Thanks for all of your time :)
I've encountered similar problems when writing a crossword editor (e.g., find all words of length 5 with a 'B' in second position). Basically it comes down to:
Process a word list and organize words by length (i.e., a list of all words of length 2, length 3, length 4, etc). The reason is that you often know the length of the word(s) that you wish to search for. If you want to search for words of unknown length, you can repeat a search again for a different word list.
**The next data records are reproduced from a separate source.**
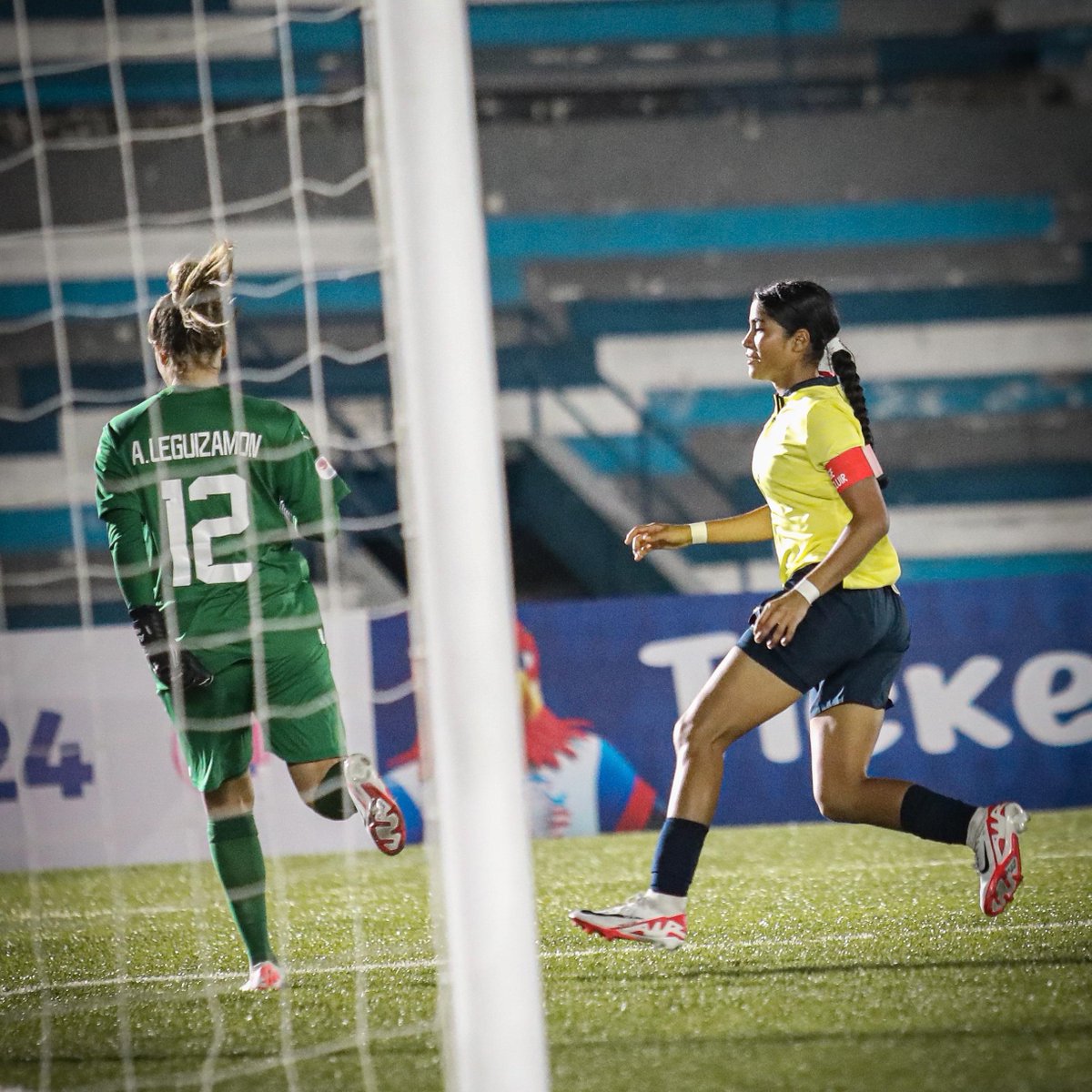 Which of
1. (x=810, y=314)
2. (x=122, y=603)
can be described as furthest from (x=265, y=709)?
(x=122, y=603)

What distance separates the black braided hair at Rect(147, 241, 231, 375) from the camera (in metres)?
3.11

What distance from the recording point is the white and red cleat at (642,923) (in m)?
3.06

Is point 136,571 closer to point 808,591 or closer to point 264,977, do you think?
point 264,977

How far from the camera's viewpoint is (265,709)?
3.15m

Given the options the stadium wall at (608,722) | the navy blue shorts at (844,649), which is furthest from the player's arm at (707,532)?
the stadium wall at (608,722)

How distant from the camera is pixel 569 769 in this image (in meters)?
6.11

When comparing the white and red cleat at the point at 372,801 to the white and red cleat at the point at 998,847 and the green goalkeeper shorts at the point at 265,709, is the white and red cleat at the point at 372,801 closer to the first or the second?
the green goalkeeper shorts at the point at 265,709

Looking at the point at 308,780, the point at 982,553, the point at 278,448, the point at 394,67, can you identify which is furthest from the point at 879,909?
the point at 982,553

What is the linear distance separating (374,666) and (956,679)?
2388 millimetres

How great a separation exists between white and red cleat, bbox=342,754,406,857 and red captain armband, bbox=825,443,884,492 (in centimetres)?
117

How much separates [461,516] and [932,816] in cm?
159

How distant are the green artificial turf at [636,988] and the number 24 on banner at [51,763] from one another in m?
1.09

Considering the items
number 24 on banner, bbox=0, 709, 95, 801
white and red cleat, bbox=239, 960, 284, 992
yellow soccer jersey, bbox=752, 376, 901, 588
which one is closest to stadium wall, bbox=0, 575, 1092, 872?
number 24 on banner, bbox=0, 709, 95, 801

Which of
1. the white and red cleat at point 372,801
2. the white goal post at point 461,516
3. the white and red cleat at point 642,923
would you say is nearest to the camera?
the white goal post at point 461,516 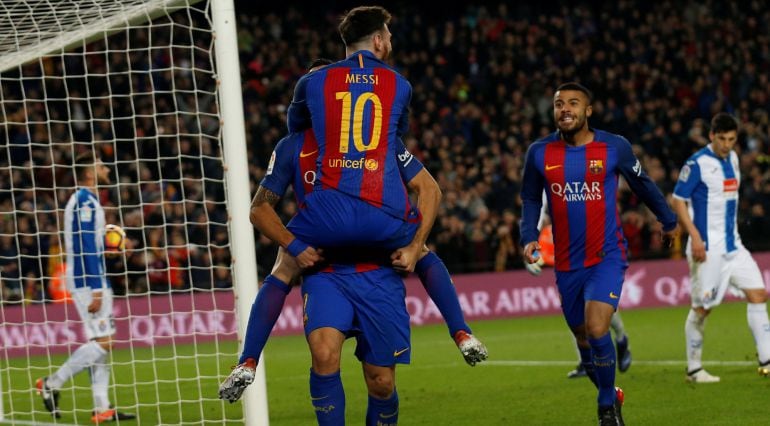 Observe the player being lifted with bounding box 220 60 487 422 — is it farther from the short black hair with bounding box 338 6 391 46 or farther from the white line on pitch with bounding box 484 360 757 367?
the white line on pitch with bounding box 484 360 757 367

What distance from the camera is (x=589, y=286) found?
823cm

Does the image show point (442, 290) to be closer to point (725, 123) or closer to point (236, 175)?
point (236, 175)

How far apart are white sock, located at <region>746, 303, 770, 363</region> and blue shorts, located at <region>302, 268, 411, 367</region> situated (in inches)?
221

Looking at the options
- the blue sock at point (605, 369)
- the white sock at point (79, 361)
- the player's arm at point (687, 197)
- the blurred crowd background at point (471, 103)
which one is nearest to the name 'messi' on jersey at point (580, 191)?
the blue sock at point (605, 369)

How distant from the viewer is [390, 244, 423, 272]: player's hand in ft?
19.4

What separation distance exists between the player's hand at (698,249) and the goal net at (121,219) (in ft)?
12.6

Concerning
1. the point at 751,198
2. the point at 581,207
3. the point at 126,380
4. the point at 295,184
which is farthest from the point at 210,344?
the point at 295,184

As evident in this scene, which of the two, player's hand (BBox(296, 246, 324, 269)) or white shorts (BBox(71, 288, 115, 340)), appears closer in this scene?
player's hand (BBox(296, 246, 324, 269))

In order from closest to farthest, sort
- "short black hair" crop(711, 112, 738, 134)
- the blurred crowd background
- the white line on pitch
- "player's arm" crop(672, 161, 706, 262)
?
"player's arm" crop(672, 161, 706, 262) < "short black hair" crop(711, 112, 738, 134) < the white line on pitch < the blurred crowd background

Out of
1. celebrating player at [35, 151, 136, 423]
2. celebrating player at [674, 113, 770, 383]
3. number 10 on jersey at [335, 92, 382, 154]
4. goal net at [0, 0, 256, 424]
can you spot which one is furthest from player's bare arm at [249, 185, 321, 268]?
celebrating player at [674, 113, 770, 383]

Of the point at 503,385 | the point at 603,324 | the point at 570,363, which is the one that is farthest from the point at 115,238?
the point at 570,363

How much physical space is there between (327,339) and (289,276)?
497mm

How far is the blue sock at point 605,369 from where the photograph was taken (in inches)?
310

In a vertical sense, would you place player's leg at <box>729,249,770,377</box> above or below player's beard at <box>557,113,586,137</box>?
below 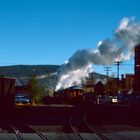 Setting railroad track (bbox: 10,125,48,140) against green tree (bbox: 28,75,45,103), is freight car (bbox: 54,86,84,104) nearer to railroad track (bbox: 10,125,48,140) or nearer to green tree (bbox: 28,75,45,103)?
green tree (bbox: 28,75,45,103)

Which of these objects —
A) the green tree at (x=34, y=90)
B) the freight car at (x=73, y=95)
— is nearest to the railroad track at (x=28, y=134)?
the green tree at (x=34, y=90)

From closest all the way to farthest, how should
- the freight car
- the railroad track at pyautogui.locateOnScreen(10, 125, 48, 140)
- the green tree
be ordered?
the railroad track at pyautogui.locateOnScreen(10, 125, 48, 140)
the green tree
the freight car

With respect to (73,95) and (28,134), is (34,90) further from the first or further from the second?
(28,134)

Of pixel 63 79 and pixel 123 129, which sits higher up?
pixel 63 79

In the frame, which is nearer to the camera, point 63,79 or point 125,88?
point 63,79

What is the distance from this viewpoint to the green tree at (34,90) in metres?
73.6

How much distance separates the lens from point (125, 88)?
453 feet

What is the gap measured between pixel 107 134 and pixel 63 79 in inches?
2953

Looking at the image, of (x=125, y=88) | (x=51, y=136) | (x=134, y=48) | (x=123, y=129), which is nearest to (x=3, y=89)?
(x=123, y=129)

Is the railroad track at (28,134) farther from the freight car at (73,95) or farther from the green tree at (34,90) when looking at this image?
the freight car at (73,95)

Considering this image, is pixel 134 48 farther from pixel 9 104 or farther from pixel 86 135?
pixel 86 135

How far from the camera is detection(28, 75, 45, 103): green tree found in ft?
242

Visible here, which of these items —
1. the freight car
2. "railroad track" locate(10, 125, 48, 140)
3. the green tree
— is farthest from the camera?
the freight car

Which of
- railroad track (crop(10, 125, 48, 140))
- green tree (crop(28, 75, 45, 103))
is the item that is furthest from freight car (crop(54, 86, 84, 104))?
railroad track (crop(10, 125, 48, 140)) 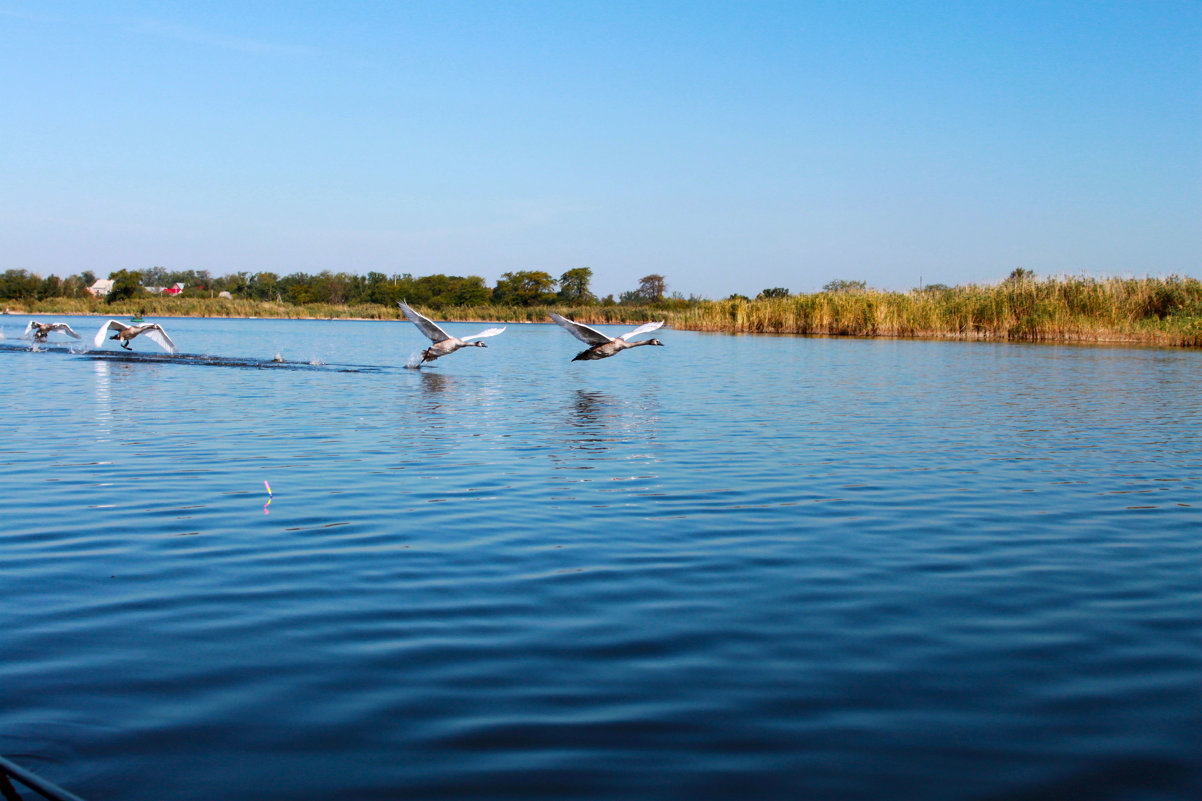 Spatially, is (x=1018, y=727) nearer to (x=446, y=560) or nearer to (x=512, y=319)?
(x=446, y=560)

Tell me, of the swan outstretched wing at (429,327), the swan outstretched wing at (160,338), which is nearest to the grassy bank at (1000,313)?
the swan outstretched wing at (429,327)

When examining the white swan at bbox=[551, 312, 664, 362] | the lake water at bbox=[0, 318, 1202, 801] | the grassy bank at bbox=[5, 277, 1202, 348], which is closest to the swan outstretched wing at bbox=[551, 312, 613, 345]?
the white swan at bbox=[551, 312, 664, 362]

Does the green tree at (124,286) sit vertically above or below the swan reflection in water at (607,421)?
above

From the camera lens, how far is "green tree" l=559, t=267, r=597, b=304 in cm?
13300

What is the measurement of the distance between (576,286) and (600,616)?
428 feet

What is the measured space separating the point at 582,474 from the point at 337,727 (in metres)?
6.31

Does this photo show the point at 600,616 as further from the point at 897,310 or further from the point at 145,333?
the point at 897,310

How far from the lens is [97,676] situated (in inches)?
167

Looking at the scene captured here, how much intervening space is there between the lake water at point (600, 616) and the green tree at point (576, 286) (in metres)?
121

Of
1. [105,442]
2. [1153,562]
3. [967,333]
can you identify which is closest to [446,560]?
[1153,562]

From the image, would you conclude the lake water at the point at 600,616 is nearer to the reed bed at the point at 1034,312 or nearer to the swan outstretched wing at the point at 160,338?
the swan outstretched wing at the point at 160,338

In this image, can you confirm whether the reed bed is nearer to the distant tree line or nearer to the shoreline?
the shoreline

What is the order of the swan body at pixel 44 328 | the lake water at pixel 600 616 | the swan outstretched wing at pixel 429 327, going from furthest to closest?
the swan body at pixel 44 328 < the swan outstretched wing at pixel 429 327 < the lake water at pixel 600 616

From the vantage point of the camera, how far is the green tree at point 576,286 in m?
133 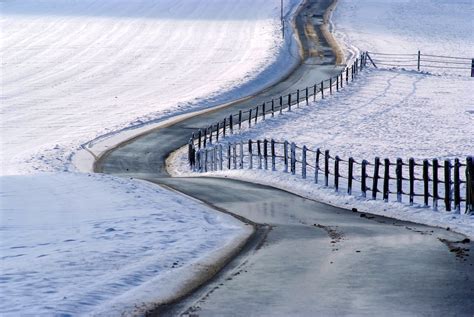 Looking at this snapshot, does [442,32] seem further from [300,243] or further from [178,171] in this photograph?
[300,243]

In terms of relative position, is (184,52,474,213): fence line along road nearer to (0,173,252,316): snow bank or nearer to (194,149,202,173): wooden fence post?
(194,149,202,173): wooden fence post

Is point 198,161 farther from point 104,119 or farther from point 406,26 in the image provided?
point 406,26

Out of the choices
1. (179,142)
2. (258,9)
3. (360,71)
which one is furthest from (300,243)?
(258,9)

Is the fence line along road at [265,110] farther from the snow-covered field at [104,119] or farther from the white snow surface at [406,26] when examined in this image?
the white snow surface at [406,26]

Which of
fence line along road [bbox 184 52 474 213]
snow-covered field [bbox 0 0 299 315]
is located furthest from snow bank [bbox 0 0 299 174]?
fence line along road [bbox 184 52 474 213]

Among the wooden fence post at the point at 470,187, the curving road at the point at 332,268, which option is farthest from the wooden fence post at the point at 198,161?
the wooden fence post at the point at 470,187

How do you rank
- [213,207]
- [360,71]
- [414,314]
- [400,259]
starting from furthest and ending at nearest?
1. [360,71]
2. [213,207]
3. [400,259]
4. [414,314]

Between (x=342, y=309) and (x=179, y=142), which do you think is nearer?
(x=342, y=309) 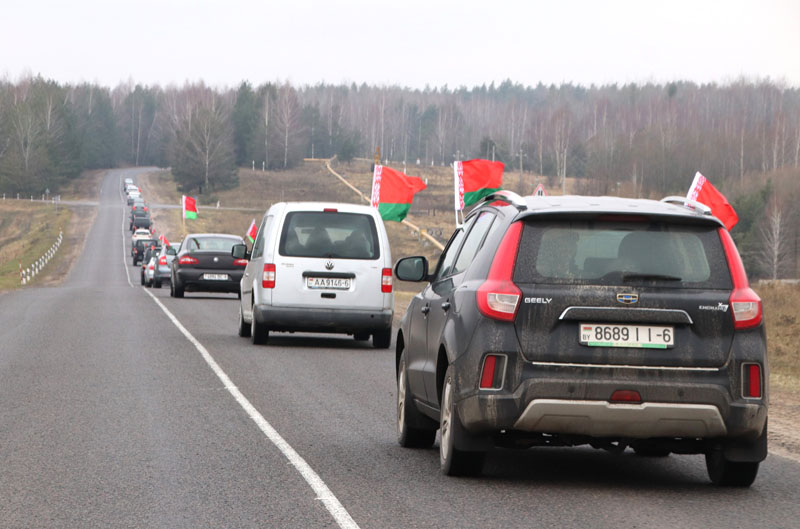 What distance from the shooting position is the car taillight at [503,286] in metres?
6.89

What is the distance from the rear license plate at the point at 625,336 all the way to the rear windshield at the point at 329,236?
10527 millimetres

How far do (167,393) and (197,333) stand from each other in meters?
7.70

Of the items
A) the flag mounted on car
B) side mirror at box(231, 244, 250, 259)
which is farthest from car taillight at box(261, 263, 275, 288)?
the flag mounted on car

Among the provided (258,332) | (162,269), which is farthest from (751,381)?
(162,269)

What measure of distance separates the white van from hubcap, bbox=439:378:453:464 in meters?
9.41

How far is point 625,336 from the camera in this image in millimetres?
6809

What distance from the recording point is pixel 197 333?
19.4m

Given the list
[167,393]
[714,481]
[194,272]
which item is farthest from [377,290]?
[194,272]

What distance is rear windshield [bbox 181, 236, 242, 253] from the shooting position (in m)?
29.4

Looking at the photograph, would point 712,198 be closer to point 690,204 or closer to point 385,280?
point 385,280

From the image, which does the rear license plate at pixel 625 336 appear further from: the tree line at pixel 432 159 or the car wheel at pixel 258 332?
the tree line at pixel 432 159

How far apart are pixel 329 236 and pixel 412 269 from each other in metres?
8.60

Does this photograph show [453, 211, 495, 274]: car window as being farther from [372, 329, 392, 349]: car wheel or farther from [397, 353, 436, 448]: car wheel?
[372, 329, 392, 349]: car wheel

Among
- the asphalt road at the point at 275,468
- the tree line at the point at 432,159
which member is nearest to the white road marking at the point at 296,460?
the asphalt road at the point at 275,468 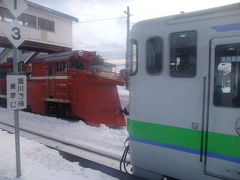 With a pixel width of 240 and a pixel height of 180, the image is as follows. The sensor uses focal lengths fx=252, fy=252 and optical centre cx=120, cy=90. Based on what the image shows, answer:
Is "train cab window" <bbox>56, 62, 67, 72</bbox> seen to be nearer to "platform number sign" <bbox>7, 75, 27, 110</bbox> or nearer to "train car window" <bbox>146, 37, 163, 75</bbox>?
"platform number sign" <bbox>7, 75, 27, 110</bbox>

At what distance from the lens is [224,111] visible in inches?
132

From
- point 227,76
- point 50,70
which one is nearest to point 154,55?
point 227,76

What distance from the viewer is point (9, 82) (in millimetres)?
4449

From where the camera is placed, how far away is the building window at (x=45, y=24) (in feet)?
75.6

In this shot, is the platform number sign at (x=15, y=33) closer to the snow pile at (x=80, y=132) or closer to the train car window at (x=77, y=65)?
the snow pile at (x=80, y=132)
Insert each separate word list into a tertiary search tree which makes searching for words a lot faster. Each node in the tree contains a character and you can descend the tree to search for words. There are also specialized data structures such as a trie but I have not (yet) explored.
Now for your problem, you could use the search tree to write a search function such as
function findWords($tree, $letters) {
// ...
}
where tree is the search tree containing the words of the length that you wish to search for and letters is a list of valid characters. In your example, letters would be the string efjlnrrttuwx.
The search tree allows you to search for words, one character at a time, and you can keep track of characters that you have encountered so far. As long as these characters are in the list of valid letters, you keep searching. Once you've encountered a leaf node in the search tree, you have found an existing word which you can add to the result. If you encounter a character which is not in letters (or it has already been used), you can skip that word and continue the search elsewhere in the search tree.
My crossword editor Palabra contains an implementation of the above steps (a part is done in Python but mostly in C). It works fast enough for Ubuntu's default word list containing roughly 70K words.
There are probably better ways, but this is just off the top of my head:
I assume you have a database of words (i.e. dictionary). Add fields a-z to the database table. Write a script that sums up the count of each letter in the word and writes them in the a-z fields as an integer. I.E. for balloon, the table would look like:
id name a b ... l ... n ... o
1 balloon 1 1 2 ... 1 ... 2
Then when the user enters a word, you calculate how many of each character are in that word and match that up with the database.
// User enters 'zqlamonrlob'
// You count the letters:
a b c d e f g h i j k l m n o p q r s t u v w x y z
1 1 0 0 0 0 0 0 0 0 0 2 1 1 2 0 1 1 0 0 0 0 0 0 0 1
// Query the database
$sql = "SELECT `name` FROM `my_table` WHERE `a` <= {$count['a'] AND `b` <= {$count['b'] ...}";
That would get you a list of words that use some or all of the letters that the user entered.
Here's a regex, just to show it can (but not necessarily should) be done:
preg_match('/^(?:t()|u()|r()|t()|l()|e()|.)+$\1\2\3\4\5\6/i', 'efjlnrrttuwx')
matches.
How does it work? Empty capturing parentheses always match if the preceding letter matches. The backreferences at the end of the regex make sure that each of the characters has participated in the match. Therefore,
preg_match('/^(?:t()|u()|r()|t()|l()|e()|.)+$\1\2\3\4\5\6/i', 'efjlnrrtuwx')
(correctly) will not match because there is only one t in the string but the regex needs two different ts.
The problem is that of course the regex engine has to check many permutations to arrive at this conclusion. While a successful match may be quite fast (175 steps of the regex engine in the first case), an unsuccessful match attempt can be expensive (3816 steps in the second case).
I think you need to approach this problem from the opposite direction.
Loop through your list of words, testing the words with the specified number of characters, to see if the word characters are in the specified character set.